What is supervised learning

They mask object embeddings, and train the model to infer the content of the masked object representations using its knowledge of unmasked objects.
They designed six different masking schemes, which is different from original BERT masking scheme because BERT masking scheme only fits word tokens

What is their result

As we can see, self attention mechanism is super important in their model. In the ablation study, the performance of Aloe model without self-attention will significantly decrease.
This means that self-attention mechanism is really essential in answering dynamic visual reasoning questions

Their assumptions to break

A guiding motivation for the design of Aloe is the converging evidence for the value of self-attention mechanisms operating on a finite sequences of discrete entities. – The author

Our model relies on three key aspect: 1. Self-attention to effectively integrate information over time 2. … – The author

I do believe that this paper lacks the detail analysis about how attention mechanism solves the reasoning task.

In our basic understanding, attention mechanism would only extract association relationship knowledge.
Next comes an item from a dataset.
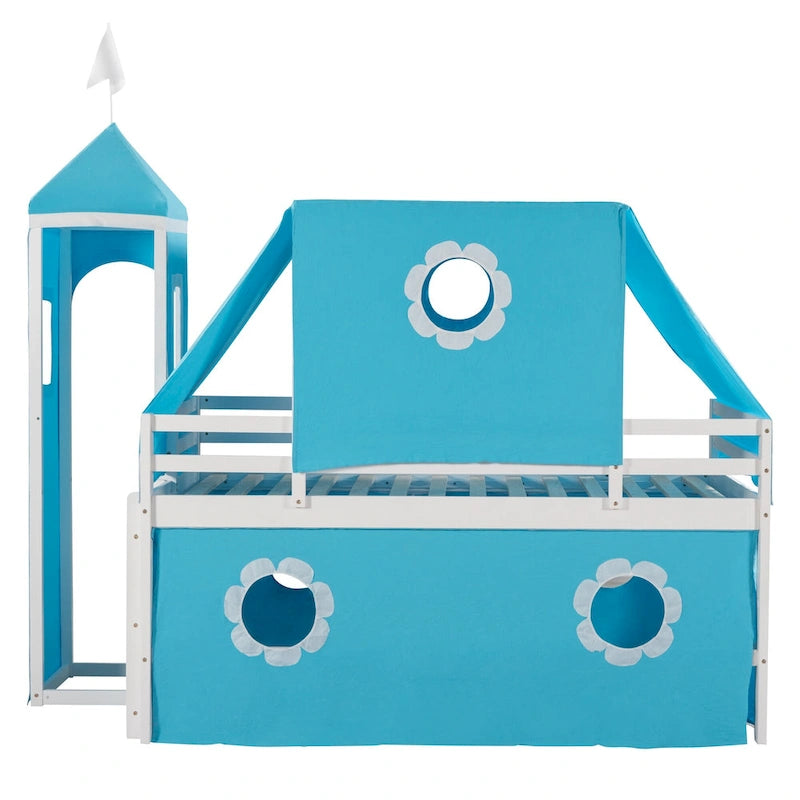 Cute Solid Wood House Loft Bed with Slide, Tent, and Tower for Bedroom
Essentially, attention mechanism was to permit the decoder to utilise the most relevant parts of the input sequence in a flexible manner, by a weighted combination of all of the encoded input vectors, with the most relevant vectors being attributed the highest weights. – Stefania Cristina

There is a conflict between this paper’s result and a common assumption that “statistical machine learning struggles with causality”

There must be more to examine rather than simply saying “Self-attention is good because it effectively integrates information over time”